2022-03-16

長門正貢・前日本郵政社長はウクライナ危機、米金融政策をどう見ているのか?

長門正貢・マッキンゼー・アンド・カンパニーシニア・アドバイザー



コロナと脱炭素がインフレ懸念の背景に


 ─ ロシアの侵攻以前から世界の株価は下落基調にありました。この背景は?

 長門 これまで金融緩和で余剰資金があり、世界でバブル的様相を呈していましたが、それが一部調整して下落しているということですが、背景にあったのはコロナとカーボンニュートラルというテーマだと思います。

 余剰資金という観点で言えば、昨年6月の統計で米国には17.1兆ドル、1ドル=100円で換算すると約1700兆円の預金残高があります。米国のエコノミストの試算では、このうちの2.5兆ドル、約250兆円が過剰預金となっています。昨年6月の統計ですから、今はさらに増えていると思います。

 これはなぜかというと、コロナ禍を受けて米国でも給付金を出していますが、もらってもみんな使い道がない上に、将来が不安だということで貯めてしまっているのです。

 ─ 非常に消費意欲が強いといわれる米国人が貯金をしてしまっていると。

 長門 ええ。これだけの過剰貯金があれば、しばらく働かなくても生きていけます。飲食店やホテルで働いているとクビになってしまいますから、貯金があるうちにもっといい仕事を探そうとしているわけです。

 今、米国の港湾で人手不足が言われていますし、船がなかなか入ってこないので物流も滞っています。半導体不足も続いています。これらはコロナの悪影響です。FRBもこの事態はわかっています。ただ、当初2、3カ月もすれば解消すると思っていたものが、もっと長くかかりそうな情勢になっています。

 ─ カーボンニュートラルも要因の1つだという意味は?

 長門 今、カーボンニュートラルの流れを受けて、石炭火力発電のプロジェクトには資金が付きにくくなっています。ただ、太陽光発電や風力発電だけでは電力はまかなえません。

 例えば昨年、常に強い風が吹くスペインでパタッと風が止まり、風力発電ができなくなりました。今後、世界中で同様の事態が起きる可能性が高い。中国などは改めて急遽、石炭火力にシフトしていますし、日本はLNGの輸入を増やすなど、エネルギーを巡って世界が混乱し、価格が高騰したわけです。

 エネルギー改革には時間がかかりますし、再生可能エネルギーは天候に左右されますから、安定的な電源の確保が重要になります。しかし日本では原子力の再稼働や新設の議論がしにくくなっています。

 このコロナの副作用とカーボンニュートラルがインフレ的状況の要因になっており、世界経済が大変脆弱な状態になっているところに、今回のウクライナ危機が起きた。
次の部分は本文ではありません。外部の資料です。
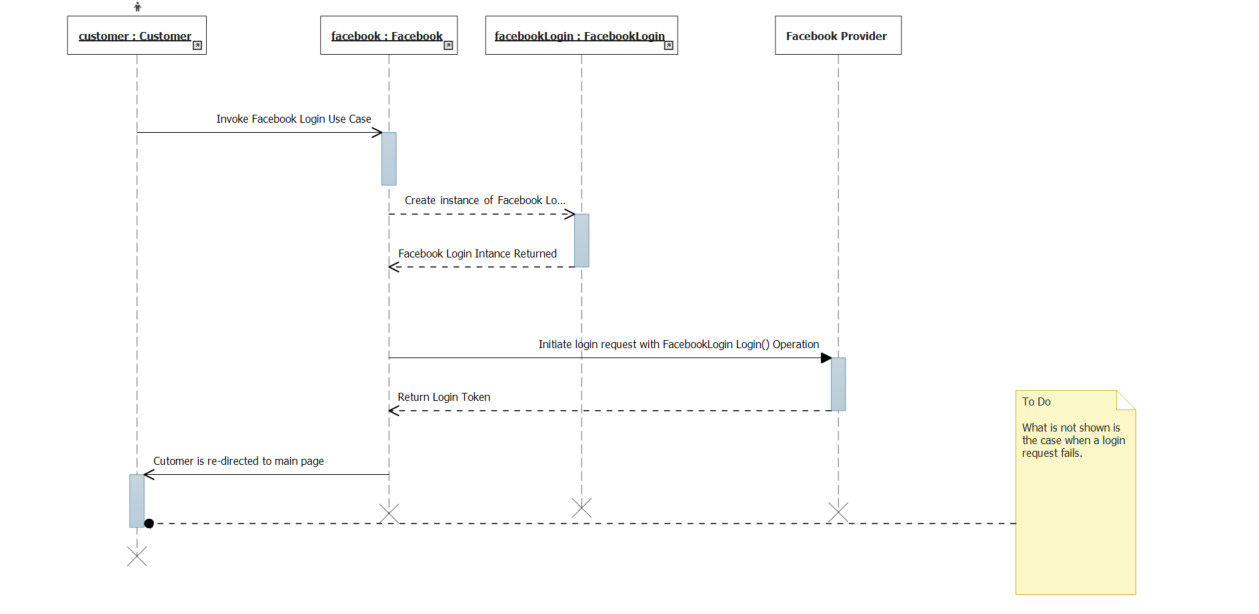 Figure 14: The UML Sequence Diagram illustrating the Facebook Login Process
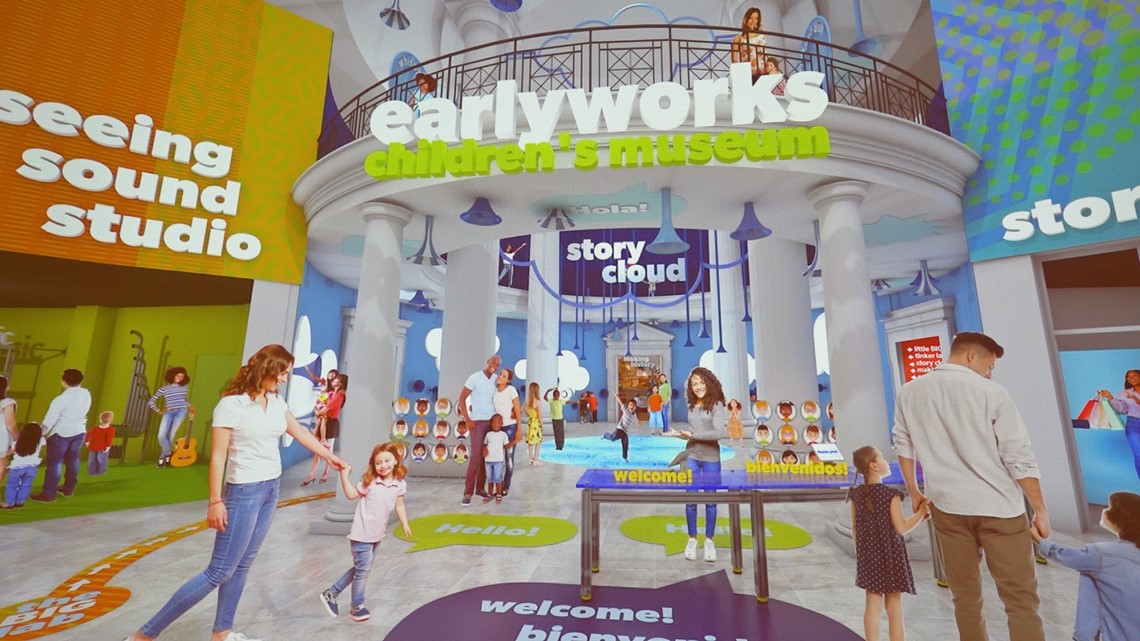 earlyworks EarlyWorks Children's Museum unveils new plan for upgrades |  rocketcitynow.com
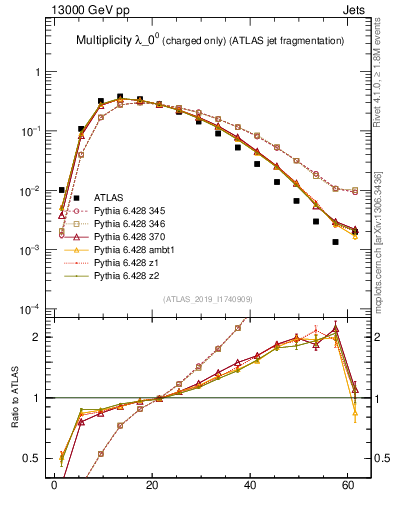 Plot of j.nch in 13000 GeV pp collisions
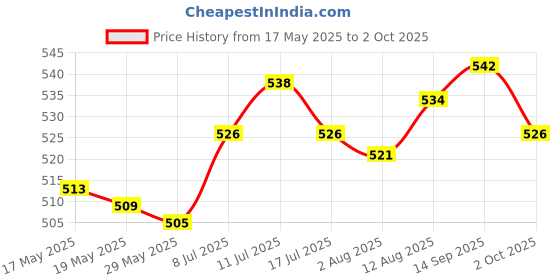 amazon.in UJEAVETTE® Finger Puppet Mini Finger Hands Tiny Hands Left And Right Hands Cat Stroking Price History Graph from 17 May 2025 to 2 Oct 2025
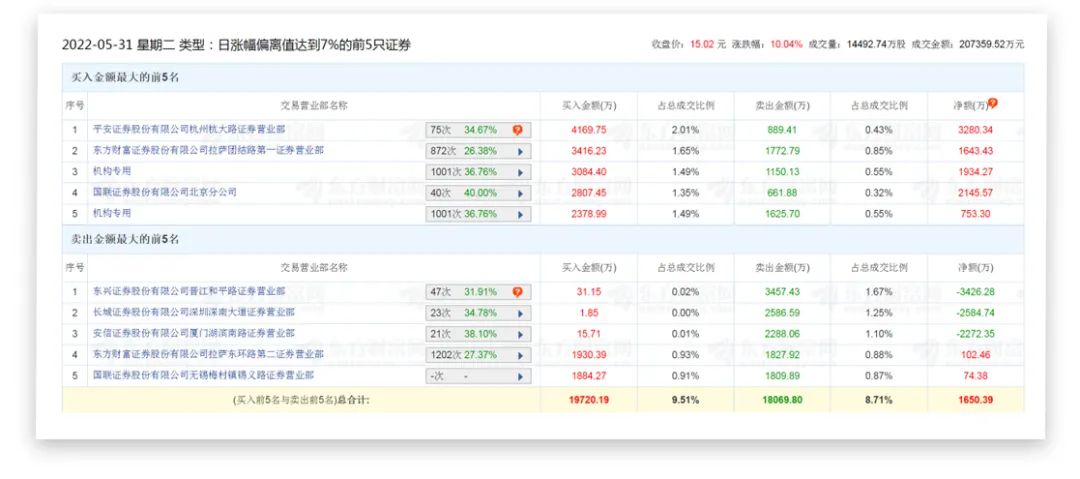 来源:东方财富网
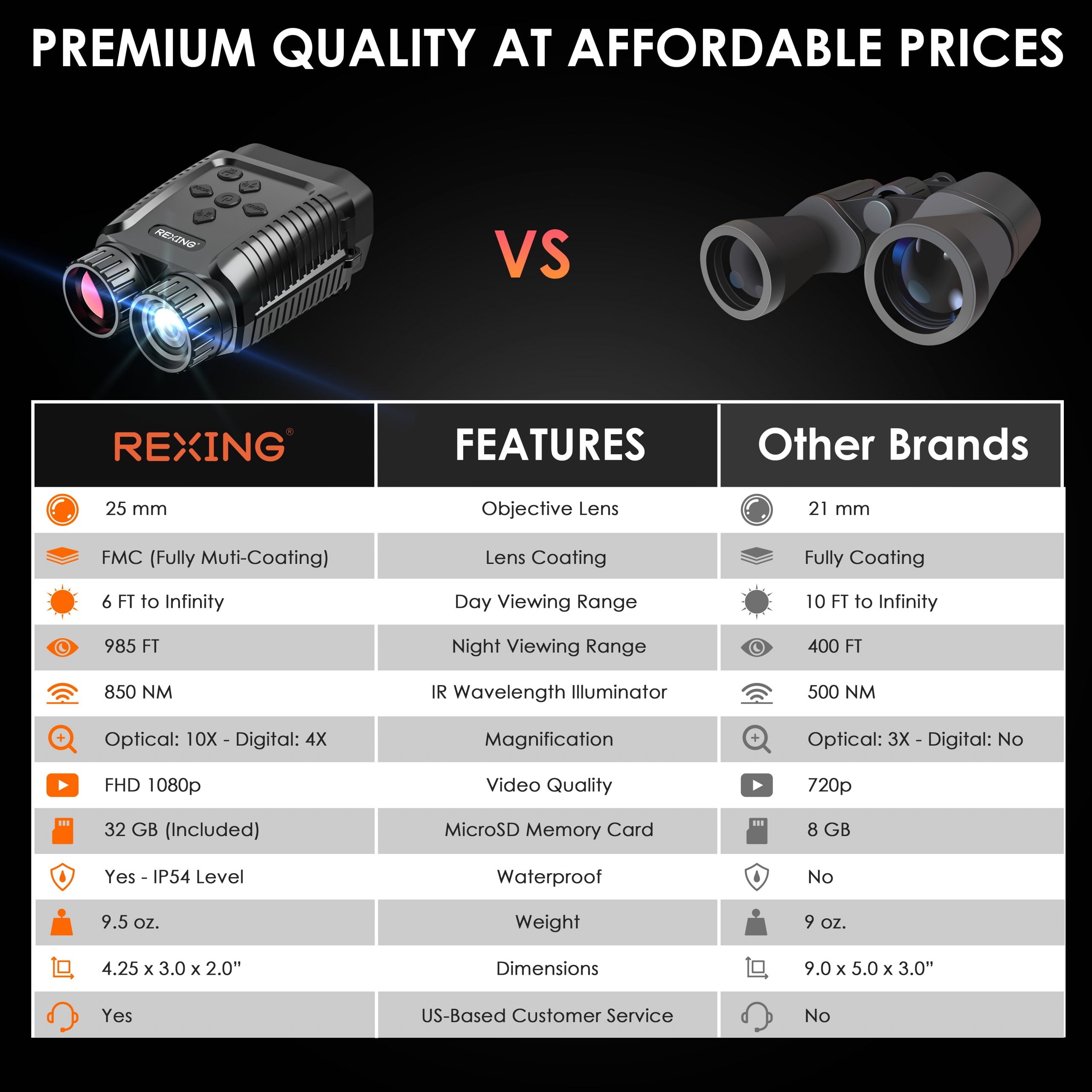 Rexing B1 Mini 1080p Night Vision Mini Digital Binoculars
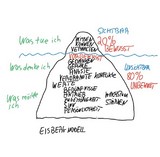 Das Eisbergmodell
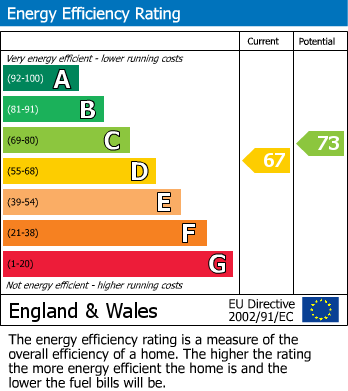 EPC Graph for Dringfield Close, Woodthorpe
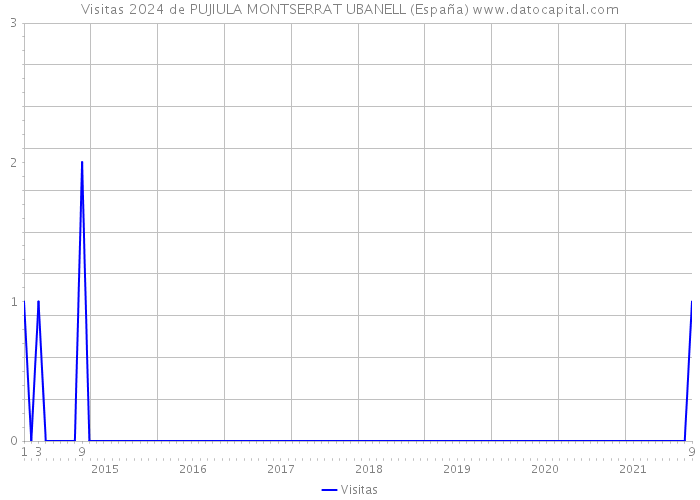 Visitas 2024 de PUJIULA MONTSERRAT UBANELL (España) 
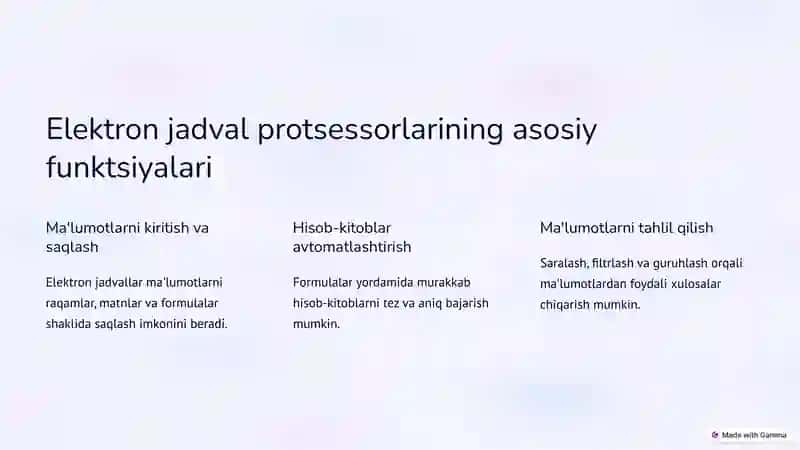 Elektron jadval protsessorlarining zamonaviy ahamiyati 2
今後、さらに大変な状況になる懸念もあります。

 各国の当局も迷うくらい前提条件が動いていて、しかも全てが深刻な懸念をはらんでいる。読み間違えたり、逆の手を打ってしまうと大変なことになる、難しい状況にあります。

 日本のバブル崩壊、アジア通貨危機、ITバブル崩壊、そしてリーマンショック以上に難しい時期だと思います。